Mac Miller, “Watching Movies With the Sound Off” (Rostrums)
When Miller released 2011’s “Blue Slide Park,” which debuted atop the Billboard 200 album chart, he did more than just rack up points for indie-label hip-hop. He rang the big bell for white-boy party rap, the very thing the Beastie Boys fought for, long before Miller and Asher Roth made for a stoner’s delight. Old-school in the best way, Miller’s lean, unadorned sound was perfect for his mad tales of beer, babes and bongs.
Strange, then, that “Watching Movies” is more experimental than its predecessor. The Pittsburgh rapper never even hinted at anything outre, let alone ruminative, before this. There’s still plenty of simple sonics, dumb fun and even awkward misogyny. Yet, throughout, Miller plays well with other MCs (like Earl Sweatshirt), something that didn’t happen last time. Miller rides comfortably atop oddball rhythms and crabby atmospheres provided by avant-hop producers Flying Lotus (“S.D.S.”) and Diplo (“Goosebumpz”). Mainly, on tracks such as “Aquarium” and “Objects in the Mirror,” Miller looks inside himself — selflessly and selfishly — rather than looking for the next party.

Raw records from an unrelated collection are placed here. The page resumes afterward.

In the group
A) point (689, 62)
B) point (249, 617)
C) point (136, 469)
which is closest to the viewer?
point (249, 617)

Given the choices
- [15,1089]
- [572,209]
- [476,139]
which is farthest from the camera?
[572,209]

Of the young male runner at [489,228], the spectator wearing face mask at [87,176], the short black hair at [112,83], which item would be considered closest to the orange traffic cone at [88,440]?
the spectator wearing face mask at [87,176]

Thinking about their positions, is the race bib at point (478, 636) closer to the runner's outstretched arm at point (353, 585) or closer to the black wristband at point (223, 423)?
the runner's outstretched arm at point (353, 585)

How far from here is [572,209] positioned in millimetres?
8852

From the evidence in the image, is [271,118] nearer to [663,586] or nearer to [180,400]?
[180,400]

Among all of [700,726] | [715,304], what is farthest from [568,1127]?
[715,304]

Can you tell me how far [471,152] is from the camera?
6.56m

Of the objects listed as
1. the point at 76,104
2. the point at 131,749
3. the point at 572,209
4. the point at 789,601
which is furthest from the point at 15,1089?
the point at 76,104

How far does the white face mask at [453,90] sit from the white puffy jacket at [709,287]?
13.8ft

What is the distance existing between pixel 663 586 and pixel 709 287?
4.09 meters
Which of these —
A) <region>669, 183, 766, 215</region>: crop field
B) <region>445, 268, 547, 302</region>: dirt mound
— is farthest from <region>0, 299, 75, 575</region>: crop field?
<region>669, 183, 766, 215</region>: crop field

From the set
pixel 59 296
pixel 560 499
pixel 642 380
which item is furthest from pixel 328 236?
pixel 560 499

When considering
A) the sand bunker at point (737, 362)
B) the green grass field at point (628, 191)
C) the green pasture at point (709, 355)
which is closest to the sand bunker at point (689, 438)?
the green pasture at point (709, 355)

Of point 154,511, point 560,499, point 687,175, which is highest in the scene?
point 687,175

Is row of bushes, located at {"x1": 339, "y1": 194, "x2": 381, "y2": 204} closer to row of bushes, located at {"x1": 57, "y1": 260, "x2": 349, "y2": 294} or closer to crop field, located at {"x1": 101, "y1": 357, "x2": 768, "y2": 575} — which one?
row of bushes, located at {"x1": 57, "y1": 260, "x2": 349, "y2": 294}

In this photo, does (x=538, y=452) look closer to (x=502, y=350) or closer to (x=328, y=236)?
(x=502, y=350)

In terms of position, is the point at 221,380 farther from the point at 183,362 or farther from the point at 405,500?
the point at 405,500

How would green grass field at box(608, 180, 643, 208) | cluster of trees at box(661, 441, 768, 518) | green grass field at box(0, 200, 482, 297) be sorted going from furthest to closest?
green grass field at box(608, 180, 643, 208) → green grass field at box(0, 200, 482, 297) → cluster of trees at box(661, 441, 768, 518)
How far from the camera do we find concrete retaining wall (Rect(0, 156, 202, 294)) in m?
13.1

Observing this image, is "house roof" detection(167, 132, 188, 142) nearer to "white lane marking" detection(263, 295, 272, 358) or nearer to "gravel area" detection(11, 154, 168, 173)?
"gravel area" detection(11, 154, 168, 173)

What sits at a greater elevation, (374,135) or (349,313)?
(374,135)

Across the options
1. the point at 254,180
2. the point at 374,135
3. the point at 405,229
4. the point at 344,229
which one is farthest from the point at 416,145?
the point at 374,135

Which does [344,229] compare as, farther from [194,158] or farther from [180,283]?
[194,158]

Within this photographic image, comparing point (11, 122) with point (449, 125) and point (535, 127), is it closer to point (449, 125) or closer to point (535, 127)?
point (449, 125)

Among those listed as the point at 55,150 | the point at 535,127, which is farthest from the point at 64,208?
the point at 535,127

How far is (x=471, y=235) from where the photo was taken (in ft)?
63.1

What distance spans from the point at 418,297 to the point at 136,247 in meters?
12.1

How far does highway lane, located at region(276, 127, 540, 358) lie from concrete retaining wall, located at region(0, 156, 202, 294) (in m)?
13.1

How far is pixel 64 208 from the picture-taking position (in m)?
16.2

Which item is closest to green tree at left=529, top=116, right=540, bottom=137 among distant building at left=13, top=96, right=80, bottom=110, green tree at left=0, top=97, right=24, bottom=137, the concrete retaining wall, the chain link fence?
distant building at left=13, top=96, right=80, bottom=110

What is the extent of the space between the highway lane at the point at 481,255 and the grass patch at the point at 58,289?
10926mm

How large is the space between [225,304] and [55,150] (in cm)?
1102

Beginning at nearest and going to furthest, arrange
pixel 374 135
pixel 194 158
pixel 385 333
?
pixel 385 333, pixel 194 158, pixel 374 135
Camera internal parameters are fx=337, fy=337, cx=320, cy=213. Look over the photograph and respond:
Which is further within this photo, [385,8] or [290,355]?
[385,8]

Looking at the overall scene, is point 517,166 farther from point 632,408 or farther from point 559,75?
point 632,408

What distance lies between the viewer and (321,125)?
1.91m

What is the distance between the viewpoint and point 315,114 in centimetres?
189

A.D. Amorosi, Philadelphia Inquirer
Booker T. “Sound the Alarm” (Stax)
The recent reactivation of Stax Records has brought organist/producer Booker T. Jones back to the label that featured his sound on so many great recordings of the 1960s and ’70s, including those by Otis Redding and Sam & Dave as well as his own albums, fronting Booker T. & the MG’s.
This album has the hallmarks of those great Memphis sessions of yore — sultry organ work, a lithe rhythm section and lots of meaty horn accents — with touches that bring it comfortably into the 21st century.

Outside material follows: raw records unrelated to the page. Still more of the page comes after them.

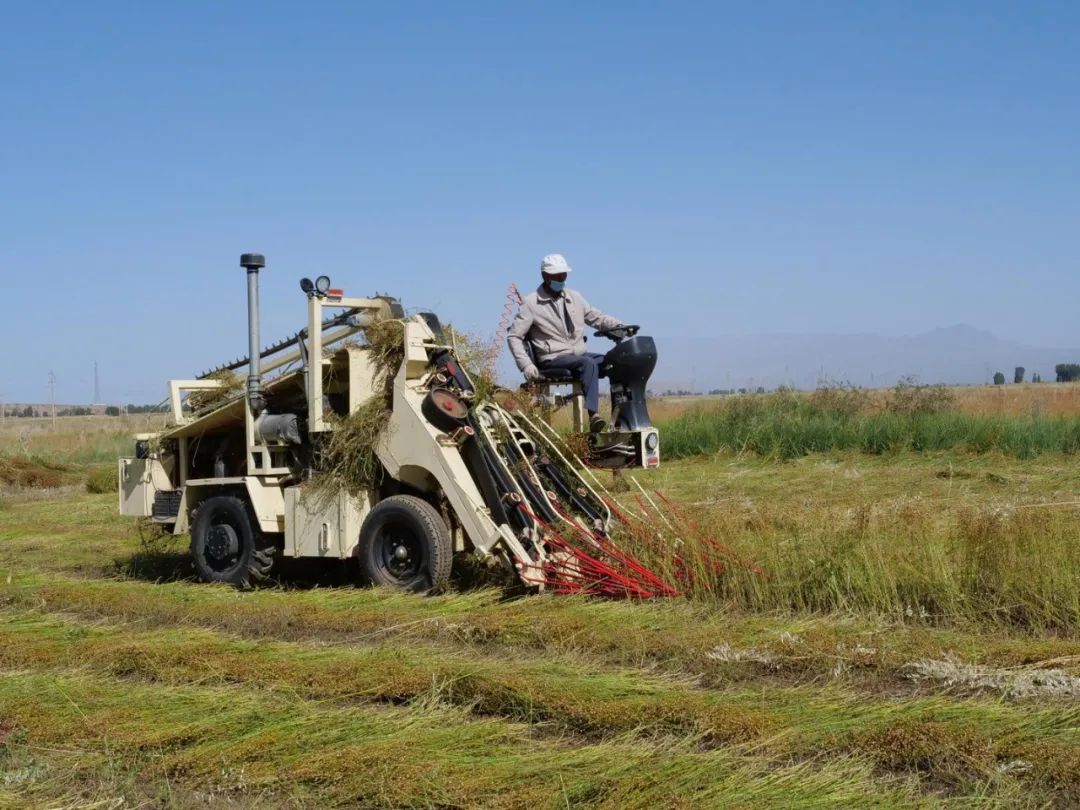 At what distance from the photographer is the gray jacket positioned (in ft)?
30.7

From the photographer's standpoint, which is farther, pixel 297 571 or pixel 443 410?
pixel 297 571

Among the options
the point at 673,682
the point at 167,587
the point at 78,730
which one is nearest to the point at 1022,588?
the point at 673,682

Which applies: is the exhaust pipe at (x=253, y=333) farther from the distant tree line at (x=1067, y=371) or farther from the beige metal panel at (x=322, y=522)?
the distant tree line at (x=1067, y=371)

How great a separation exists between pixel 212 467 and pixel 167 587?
147cm

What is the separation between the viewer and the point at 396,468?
8586 millimetres

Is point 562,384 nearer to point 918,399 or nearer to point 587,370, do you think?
point 587,370

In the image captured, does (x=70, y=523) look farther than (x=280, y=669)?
Yes

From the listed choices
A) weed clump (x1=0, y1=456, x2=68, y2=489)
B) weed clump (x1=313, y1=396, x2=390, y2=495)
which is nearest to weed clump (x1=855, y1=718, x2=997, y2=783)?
weed clump (x1=313, y1=396, x2=390, y2=495)

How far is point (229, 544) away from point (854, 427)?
10.3 m

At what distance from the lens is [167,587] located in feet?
30.0

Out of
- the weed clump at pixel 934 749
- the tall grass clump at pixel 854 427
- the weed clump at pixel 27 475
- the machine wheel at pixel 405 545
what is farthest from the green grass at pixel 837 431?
the weed clump at pixel 934 749

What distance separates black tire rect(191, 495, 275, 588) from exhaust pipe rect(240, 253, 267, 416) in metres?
0.74

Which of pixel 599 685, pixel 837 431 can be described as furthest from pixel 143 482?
pixel 837 431

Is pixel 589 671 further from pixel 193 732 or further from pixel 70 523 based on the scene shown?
pixel 70 523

Jones draws several guests into the spotlight — singers Estelle, Anthony Hamilton, Mayer Hawthorne, Luke James and instrumentalists Gary Clark Jr., Raphael Saadiq and the retro rock-R&B band Vintage Trouble.

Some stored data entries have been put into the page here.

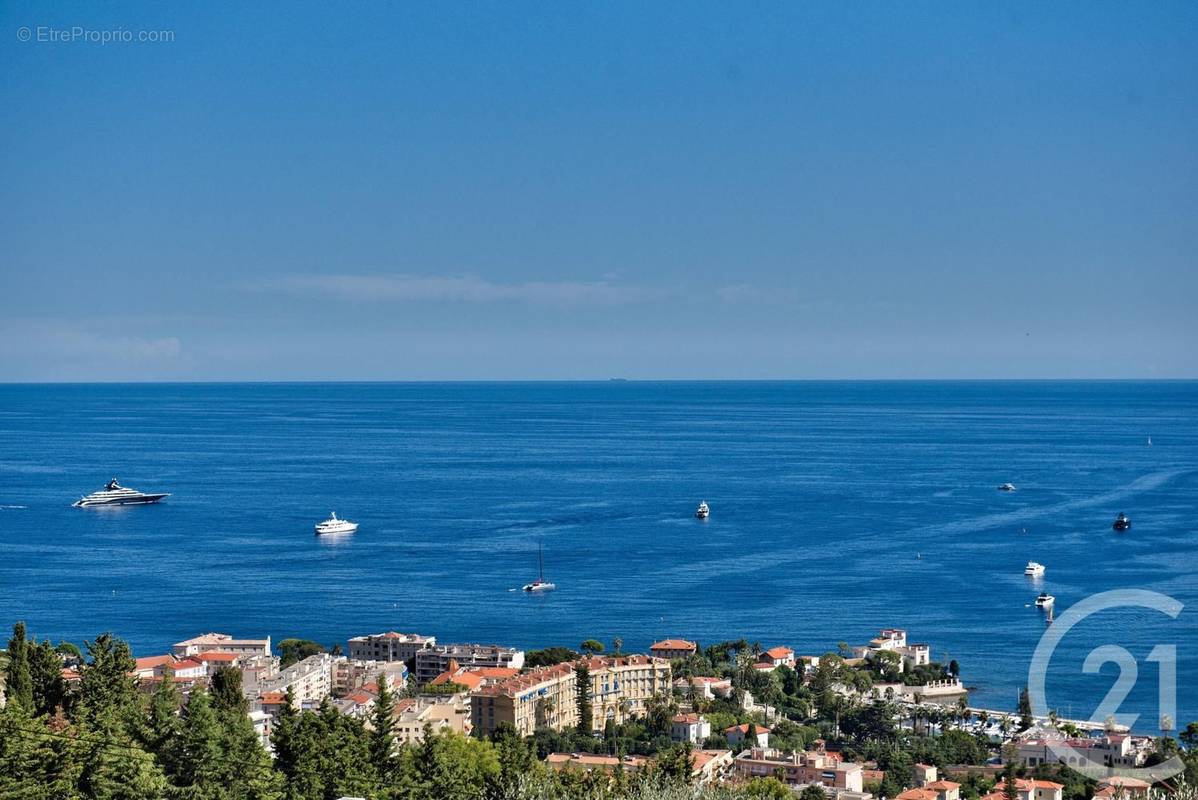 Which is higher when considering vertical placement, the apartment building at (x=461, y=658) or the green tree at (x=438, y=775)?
the green tree at (x=438, y=775)

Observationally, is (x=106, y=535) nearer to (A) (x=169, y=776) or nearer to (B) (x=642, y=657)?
(B) (x=642, y=657)

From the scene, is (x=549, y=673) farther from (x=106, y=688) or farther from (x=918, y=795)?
(x=106, y=688)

“66 Impala,” which features Sheila E., lets Jones explore the Latin-rock corner of the R&B universe, while the insistent gospel-soul “Your Love Is No Love” is the closest thing to a lost Redding track. The instrumentals “Fun,” “Feel Good,” “Austin City Blues” and, spotlighting Jones’ guitar-wielding son Ted, “Father-Son Blues” mark a welcome return to the timeless sound of the MG’s.